§ **Given records**:
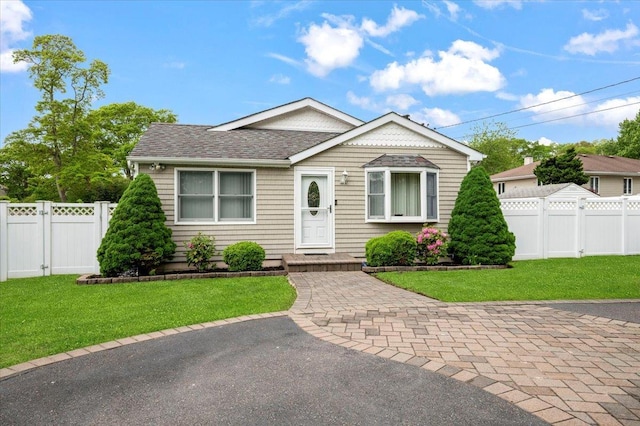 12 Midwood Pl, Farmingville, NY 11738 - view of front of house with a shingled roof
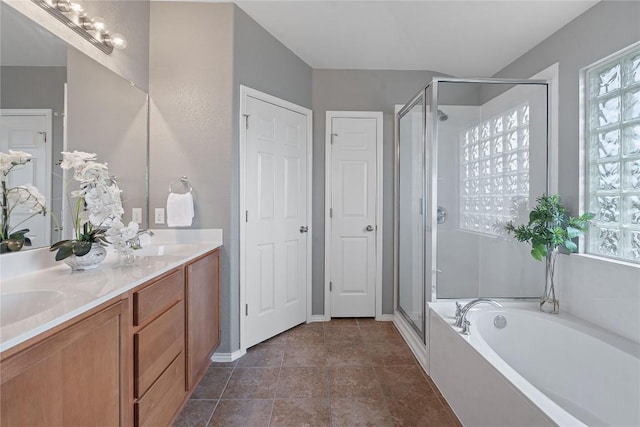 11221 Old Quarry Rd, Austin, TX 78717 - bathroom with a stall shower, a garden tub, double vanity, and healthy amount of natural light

...

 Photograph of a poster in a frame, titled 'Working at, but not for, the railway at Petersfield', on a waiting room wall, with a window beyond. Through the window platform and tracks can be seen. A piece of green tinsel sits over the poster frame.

---

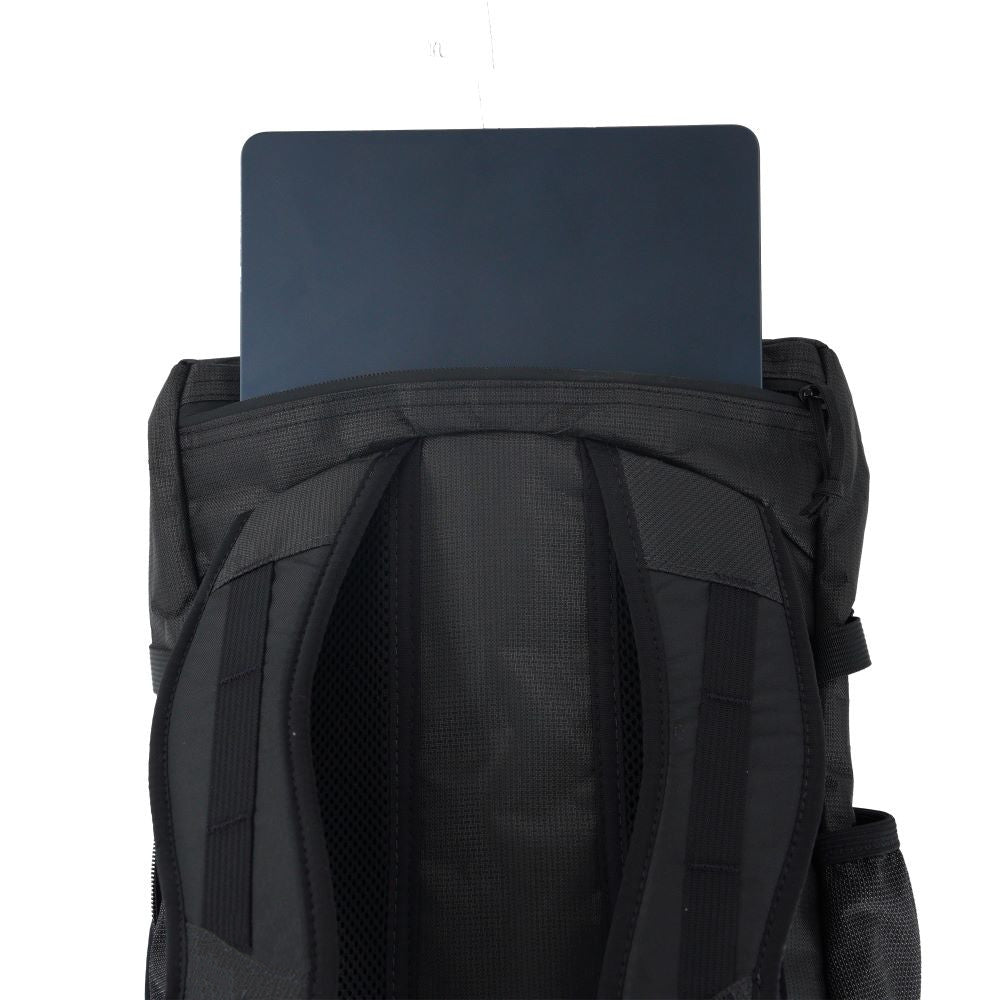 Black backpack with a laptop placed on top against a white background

§ **Work item**:
Leave out every picture, and copy exactly the lines above starting at the one holding "12 Midwood Pl, Farmingville, NY" and ending at the one holding "11221 Old Quarry", no more and no less.

§ **Written answer**:
 12 Midwood Pl, Farmingville, NY 11738 - view of front of house with a shingled roof
 11221 Old Quarry Rd, Austin, TX 78717 - bathroom with a stall shower, a garden tub, double vanity, and healthy amount of natural light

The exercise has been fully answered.